Much of this can be attributed to the mandatory cycles of 12 months at home versus 15 months deployed that officers must adhere to.
Now they have an officer looking to skip out on his contract and avoid his mandatory service because he suddenly has a religious revelation?
Pardon the Army for being skeptical.
Finally, what Tehrani fails to mention is that Brown was granted an honorable discharge as a conscientious objector on Oct. 19., so the Army lived up to its expectation of religious freedom.
As a UCLA student who happens to be enrolled in the Air Force ROTC program, I can also say with certainty that Tehrani is simply ill-informed about ROTC programs.
ROTC cadets are not obligated to serve their country. They can vacate their agreements with the military at any time prior to becoming actual officers. The only requirement is that they pay back their scholarships and stipends.
The Air Force in particular allows those with scholarships out of high school to “test out the program” for one year and keep their scholarship even if they decide to leave the program.

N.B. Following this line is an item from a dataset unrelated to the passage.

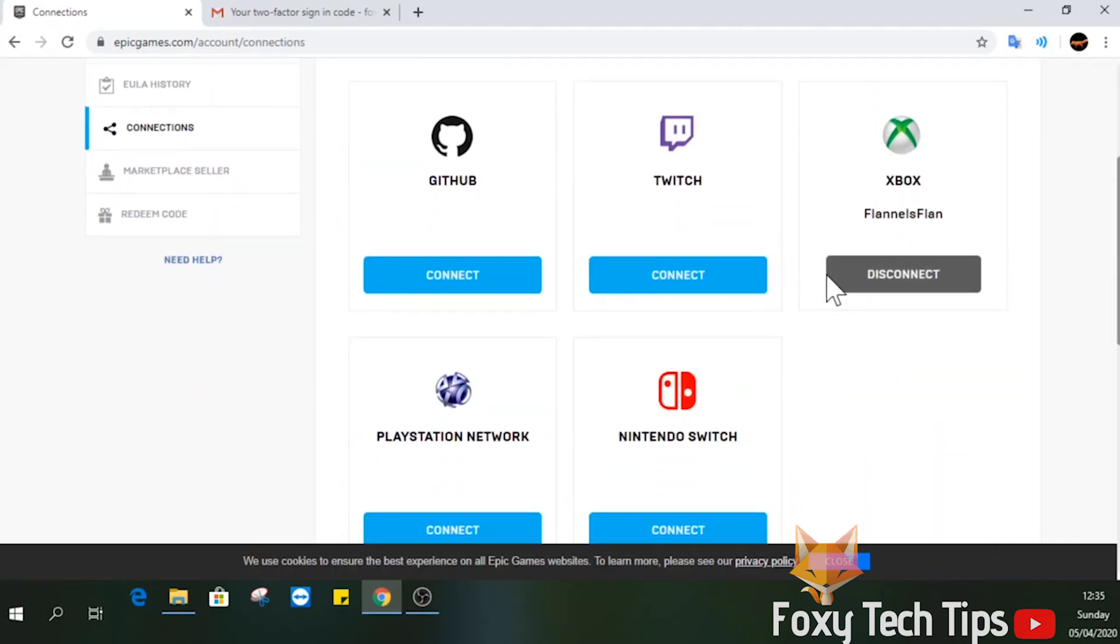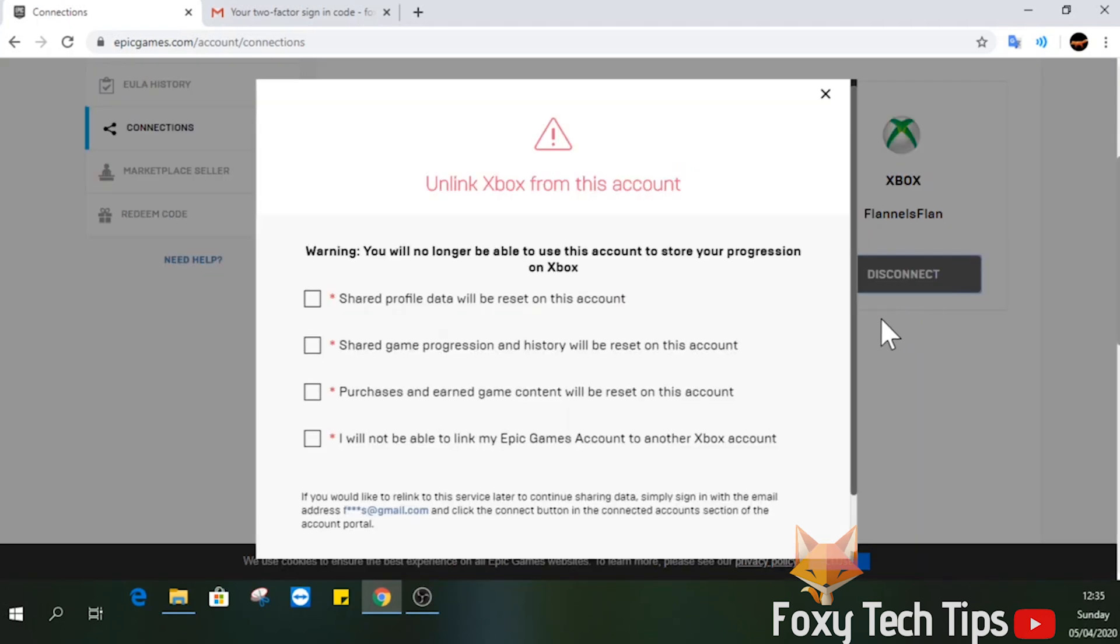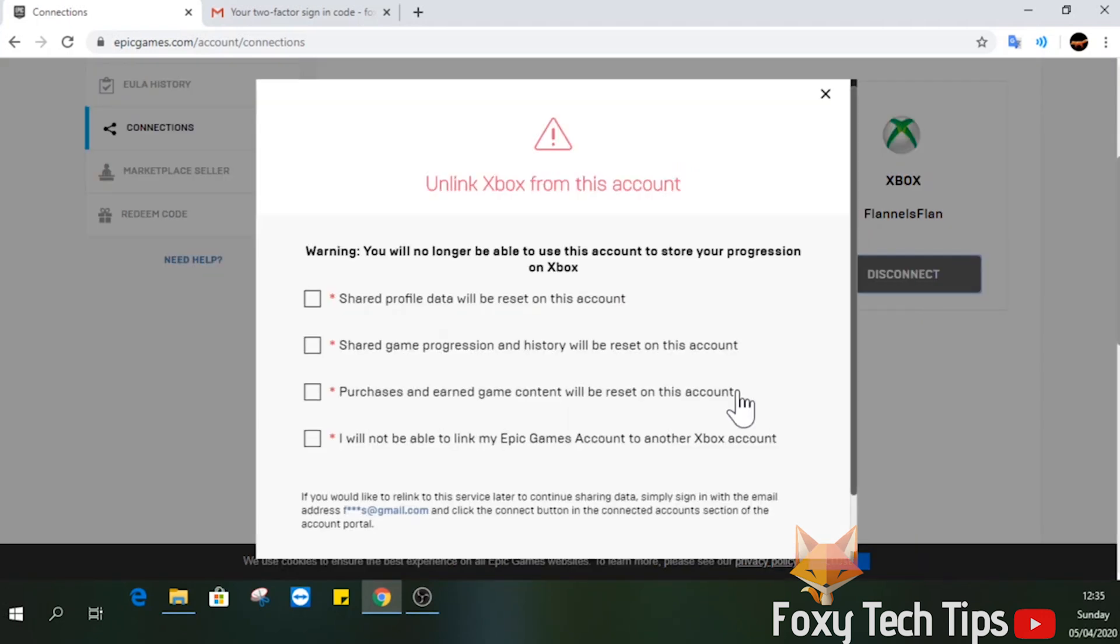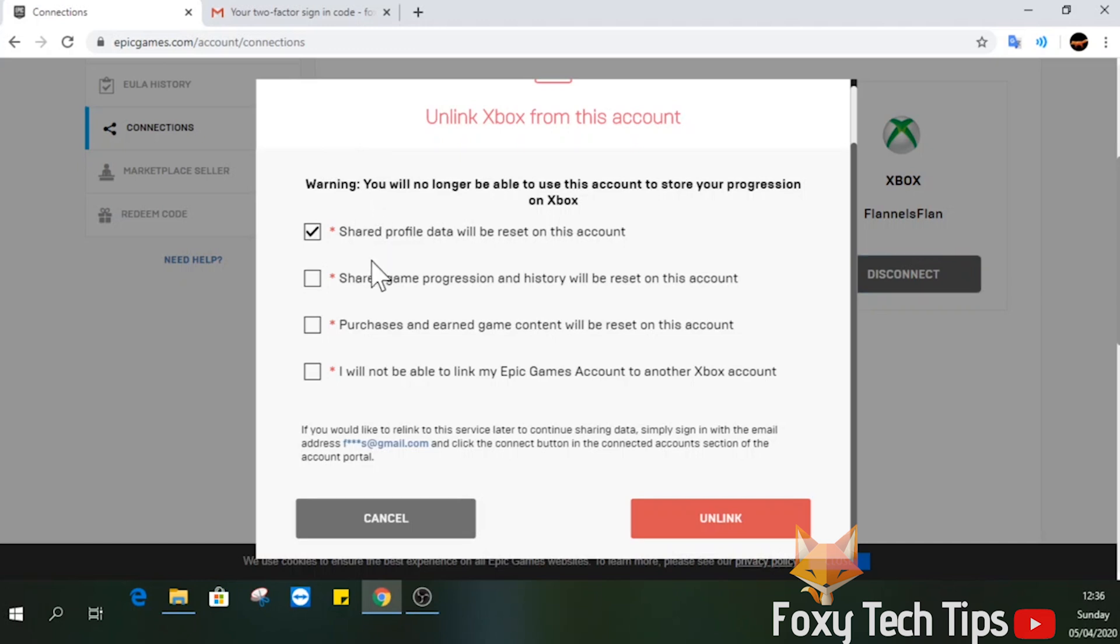Now select the service you want to unlink and click the disconnect button for it. Make sure you read what it says here before you continue. If you're sure you want to continue, select the check boxes and then click unlink.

ROTC programs and the personnel that run them bend over backward to give cadets freedom to pursue their education, and the only religious limitation is that you must be willing to fire your weapon in the line of duty.
After all, it is the job you’re signing up for.
If people like Brown do not know themselves well enough to recognize that they may become a conscientious objector, they should not sign up for military service.
The military and its people are under extremely stressful deployment cycles. The Air Force is being downsized, Marines spend only 50 percent of their time at home, and Army soldiers spend more time away from their families than with them.
All this is done so that we can accomplish the missions that our civilian leaders assign us while still remaining an all-volunteer force. Right now, we are trying to maintain the peace in two hostile war zones.
Every man lost to us through death, casualty, retirement or separation makes our jobs that much harder.
We don’t hang on to our people because we thirst for power; we hang on to our people because we need them now more than ever.